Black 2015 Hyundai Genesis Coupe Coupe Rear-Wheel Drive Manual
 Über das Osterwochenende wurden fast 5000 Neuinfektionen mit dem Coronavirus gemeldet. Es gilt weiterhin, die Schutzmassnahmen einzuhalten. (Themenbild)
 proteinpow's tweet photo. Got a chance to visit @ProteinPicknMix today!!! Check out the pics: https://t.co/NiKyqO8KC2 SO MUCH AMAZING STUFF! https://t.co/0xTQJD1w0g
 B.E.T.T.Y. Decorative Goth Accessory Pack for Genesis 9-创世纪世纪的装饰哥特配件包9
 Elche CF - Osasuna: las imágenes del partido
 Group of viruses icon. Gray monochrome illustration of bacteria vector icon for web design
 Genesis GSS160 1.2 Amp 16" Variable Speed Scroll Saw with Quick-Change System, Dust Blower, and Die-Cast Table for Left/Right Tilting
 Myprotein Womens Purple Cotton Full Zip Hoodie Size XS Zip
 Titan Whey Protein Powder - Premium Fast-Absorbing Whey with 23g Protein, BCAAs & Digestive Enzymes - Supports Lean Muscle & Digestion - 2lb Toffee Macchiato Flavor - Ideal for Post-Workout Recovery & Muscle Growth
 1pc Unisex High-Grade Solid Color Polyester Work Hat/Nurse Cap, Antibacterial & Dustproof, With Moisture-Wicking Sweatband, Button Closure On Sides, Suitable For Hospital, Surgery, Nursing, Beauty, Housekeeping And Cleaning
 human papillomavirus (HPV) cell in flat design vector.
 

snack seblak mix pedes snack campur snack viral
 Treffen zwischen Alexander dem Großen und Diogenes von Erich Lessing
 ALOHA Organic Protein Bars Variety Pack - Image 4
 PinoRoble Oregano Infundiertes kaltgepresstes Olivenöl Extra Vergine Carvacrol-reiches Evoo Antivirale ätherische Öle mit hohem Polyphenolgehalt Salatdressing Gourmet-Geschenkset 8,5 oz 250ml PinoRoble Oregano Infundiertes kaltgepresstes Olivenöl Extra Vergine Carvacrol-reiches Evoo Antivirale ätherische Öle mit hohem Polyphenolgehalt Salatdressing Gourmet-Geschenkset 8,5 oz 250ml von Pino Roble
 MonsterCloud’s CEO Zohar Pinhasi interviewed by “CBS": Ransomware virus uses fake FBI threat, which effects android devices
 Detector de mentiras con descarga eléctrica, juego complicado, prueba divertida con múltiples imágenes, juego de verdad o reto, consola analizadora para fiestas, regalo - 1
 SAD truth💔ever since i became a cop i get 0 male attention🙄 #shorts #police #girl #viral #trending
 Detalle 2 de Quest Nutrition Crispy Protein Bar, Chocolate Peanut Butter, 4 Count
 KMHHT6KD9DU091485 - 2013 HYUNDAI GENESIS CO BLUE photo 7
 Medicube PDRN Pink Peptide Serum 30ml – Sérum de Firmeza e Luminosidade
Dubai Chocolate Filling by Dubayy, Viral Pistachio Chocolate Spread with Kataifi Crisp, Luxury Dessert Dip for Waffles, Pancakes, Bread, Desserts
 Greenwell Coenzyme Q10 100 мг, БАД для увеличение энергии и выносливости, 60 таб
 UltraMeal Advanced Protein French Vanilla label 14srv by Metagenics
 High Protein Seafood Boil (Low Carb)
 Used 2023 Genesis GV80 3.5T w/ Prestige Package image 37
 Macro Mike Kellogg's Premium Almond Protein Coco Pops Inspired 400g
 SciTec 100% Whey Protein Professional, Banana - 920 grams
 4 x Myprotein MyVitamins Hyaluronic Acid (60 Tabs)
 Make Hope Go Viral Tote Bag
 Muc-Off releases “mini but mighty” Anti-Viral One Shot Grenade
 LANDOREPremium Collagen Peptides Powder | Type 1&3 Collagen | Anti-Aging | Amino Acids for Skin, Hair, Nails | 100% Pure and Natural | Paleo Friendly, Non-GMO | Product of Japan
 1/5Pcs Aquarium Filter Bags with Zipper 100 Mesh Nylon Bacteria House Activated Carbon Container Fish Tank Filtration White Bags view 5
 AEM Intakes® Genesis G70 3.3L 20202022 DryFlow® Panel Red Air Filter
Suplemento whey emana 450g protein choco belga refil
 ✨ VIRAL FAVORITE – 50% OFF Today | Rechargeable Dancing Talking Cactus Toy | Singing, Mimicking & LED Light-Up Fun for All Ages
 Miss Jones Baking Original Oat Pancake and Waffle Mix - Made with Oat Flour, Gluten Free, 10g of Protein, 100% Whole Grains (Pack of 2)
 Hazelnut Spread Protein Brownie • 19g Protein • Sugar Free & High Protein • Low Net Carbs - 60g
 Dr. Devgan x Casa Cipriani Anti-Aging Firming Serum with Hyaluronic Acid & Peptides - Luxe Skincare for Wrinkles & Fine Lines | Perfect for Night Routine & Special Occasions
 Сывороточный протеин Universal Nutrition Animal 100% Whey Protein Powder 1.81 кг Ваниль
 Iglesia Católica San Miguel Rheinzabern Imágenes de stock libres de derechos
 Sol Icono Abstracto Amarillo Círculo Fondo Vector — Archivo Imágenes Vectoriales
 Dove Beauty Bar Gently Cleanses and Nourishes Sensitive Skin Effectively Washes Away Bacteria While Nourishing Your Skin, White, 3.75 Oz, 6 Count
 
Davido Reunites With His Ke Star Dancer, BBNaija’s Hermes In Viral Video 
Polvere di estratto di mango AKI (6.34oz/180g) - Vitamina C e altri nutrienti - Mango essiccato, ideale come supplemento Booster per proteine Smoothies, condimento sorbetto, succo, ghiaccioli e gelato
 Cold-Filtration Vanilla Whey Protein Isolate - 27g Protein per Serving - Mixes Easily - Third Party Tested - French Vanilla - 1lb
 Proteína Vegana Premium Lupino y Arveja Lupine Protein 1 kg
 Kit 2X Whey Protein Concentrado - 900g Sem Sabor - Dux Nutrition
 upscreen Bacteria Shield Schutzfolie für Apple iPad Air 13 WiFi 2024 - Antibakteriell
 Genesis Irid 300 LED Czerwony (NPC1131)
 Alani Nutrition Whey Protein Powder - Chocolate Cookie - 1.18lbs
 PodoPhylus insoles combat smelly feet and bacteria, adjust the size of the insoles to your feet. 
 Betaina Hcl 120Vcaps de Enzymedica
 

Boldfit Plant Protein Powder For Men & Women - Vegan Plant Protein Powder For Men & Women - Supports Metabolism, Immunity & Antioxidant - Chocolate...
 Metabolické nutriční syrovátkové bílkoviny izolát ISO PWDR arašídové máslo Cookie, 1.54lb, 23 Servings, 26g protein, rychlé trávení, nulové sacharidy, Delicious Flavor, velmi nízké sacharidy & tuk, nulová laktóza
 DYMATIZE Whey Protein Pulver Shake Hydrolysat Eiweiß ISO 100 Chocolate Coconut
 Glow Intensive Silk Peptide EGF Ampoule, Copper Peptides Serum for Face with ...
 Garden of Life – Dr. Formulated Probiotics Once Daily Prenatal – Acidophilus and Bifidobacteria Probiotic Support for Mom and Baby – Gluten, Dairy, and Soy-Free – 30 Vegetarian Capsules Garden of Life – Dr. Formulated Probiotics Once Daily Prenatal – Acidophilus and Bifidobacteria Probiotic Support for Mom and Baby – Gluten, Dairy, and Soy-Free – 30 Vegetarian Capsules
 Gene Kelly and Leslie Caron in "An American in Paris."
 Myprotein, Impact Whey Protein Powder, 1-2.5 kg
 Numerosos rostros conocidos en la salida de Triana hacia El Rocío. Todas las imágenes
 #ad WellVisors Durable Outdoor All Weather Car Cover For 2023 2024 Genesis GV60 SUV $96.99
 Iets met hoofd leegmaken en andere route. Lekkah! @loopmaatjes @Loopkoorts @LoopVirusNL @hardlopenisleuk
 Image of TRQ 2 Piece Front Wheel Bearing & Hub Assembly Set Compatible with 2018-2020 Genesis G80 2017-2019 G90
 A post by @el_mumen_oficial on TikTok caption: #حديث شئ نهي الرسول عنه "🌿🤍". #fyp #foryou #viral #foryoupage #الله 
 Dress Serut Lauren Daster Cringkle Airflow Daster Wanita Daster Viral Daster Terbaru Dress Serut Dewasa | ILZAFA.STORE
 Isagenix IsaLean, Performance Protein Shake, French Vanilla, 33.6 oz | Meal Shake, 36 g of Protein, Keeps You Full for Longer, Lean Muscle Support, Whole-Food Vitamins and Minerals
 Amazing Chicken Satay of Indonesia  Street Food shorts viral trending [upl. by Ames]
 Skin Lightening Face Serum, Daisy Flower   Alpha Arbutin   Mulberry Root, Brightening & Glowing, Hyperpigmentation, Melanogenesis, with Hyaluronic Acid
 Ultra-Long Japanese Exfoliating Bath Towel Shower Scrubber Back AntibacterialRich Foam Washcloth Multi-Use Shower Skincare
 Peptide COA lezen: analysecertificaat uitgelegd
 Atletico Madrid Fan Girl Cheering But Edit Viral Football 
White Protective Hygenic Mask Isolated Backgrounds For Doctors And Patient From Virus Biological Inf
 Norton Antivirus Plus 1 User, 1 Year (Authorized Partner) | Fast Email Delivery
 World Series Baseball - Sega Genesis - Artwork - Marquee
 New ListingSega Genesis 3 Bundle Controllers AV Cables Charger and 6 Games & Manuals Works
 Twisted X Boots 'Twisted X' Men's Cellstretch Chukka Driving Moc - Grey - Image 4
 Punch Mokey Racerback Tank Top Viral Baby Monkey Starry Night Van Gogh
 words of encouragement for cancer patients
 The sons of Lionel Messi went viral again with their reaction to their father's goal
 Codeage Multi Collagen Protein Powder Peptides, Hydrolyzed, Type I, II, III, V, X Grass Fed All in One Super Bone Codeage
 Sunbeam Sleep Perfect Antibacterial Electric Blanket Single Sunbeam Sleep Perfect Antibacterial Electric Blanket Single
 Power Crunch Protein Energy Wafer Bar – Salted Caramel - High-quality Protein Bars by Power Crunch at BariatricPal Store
_ _ _ _ _ _ _
Your task is to set down again, exactly, every line from the beginning of the listing through the line with "Detector de mentiras".

Black 2015 Hyundai Genesis Coupe Coupe Rear-Wheel Drive Manual
 Über das Osterwochenende wurden fast 5000 Neuinfektionen mit dem Coronavirus gemeldet. Es gilt weiterhin, die Schutzmassnahmen einzuhalten. (Themenbild)
 proteinpow's tweet photo. Got a chance to visit @ProteinPicknMix today!!! Check out the pics: https://t.co/NiKyqO8KC2 SO MUCH AMAZING STUFF! https://t.co/0xTQJD1w0g
 B.E.T.T.Y. Decorative Goth Accessory Pack for Genesis 9-创世纪世纪的装饰哥特配件包9
 Elche CF - Osasuna: las imágenes del partido
 Group of viruses icon. Gray monochrome illustration of bacteria vector icon for web design
 Genesis GSS160 1.2 Amp 16" Variable Speed Scroll Saw with Quick-Change System, Dust Blower, and Die-Cast Table for Left/Right Tilting
 Myprotein Womens Purple Cotton Full Zip Hoodie Size XS Zip
 Titan Whey Protein Powder - Premium Fast-Absorbing Whey with 23g Protein, BCAAs & Digestive Enzymes - Supports Lean Muscle & Digestion - 2lb Toffee Macchiato Flavor - Ideal for Post-Workout Recovery & Muscle Growth
 1pc Unisex High-Grade Solid Color Polyester Work Hat/Nurse Cap, Antibacterial & Dustproof, With Moisture-Wicking Sweatband, Button Closure On Sides, Suitable For Hospital, Surgery, Nursing, Beauty, Housekeeping And Cleaning
 human papillomavirus (HPV) cell in flat design vector.
 

snack seblak mix pedes snack campur snack viral
 Treffen zwischen Alexander dem Großen und Diogenes von Erich Lessing
 ALOHA Organic Protein Bars Variety Pack - Image 4
 PinoRoble Oregano Infundiertes kaltgepresstes Olivenöl Extra Vergine Carvacrol-reiches Evoo Antivirale ätherische Öle mit hohem Polyphenolgehalt Salatdressing Gourmet-Geschenkset 8,5 oz 250ml PinoRoble Oregano Infundiertes kaltgepresstes Olivenöl Extra Vergine Carvacrol-reiches Evoo Antivirale ätherische Öle mit hohem Polyphenolgehalt Salatdressing Gourmet-Geschenkset 8,5 oz 250ml von Pino Roble
 MonsterCloud’s CEO Zohar Pinhasi interviewed by “CBS": Ransomware virus uses fake FBI threat, which effects android devices
 Detector de mentiras con descarga eléctrica, juego complicado, prueba divertida con múltiples imágenes, juego de verdad o reto, consola analizadora para fiestas, regalo - 1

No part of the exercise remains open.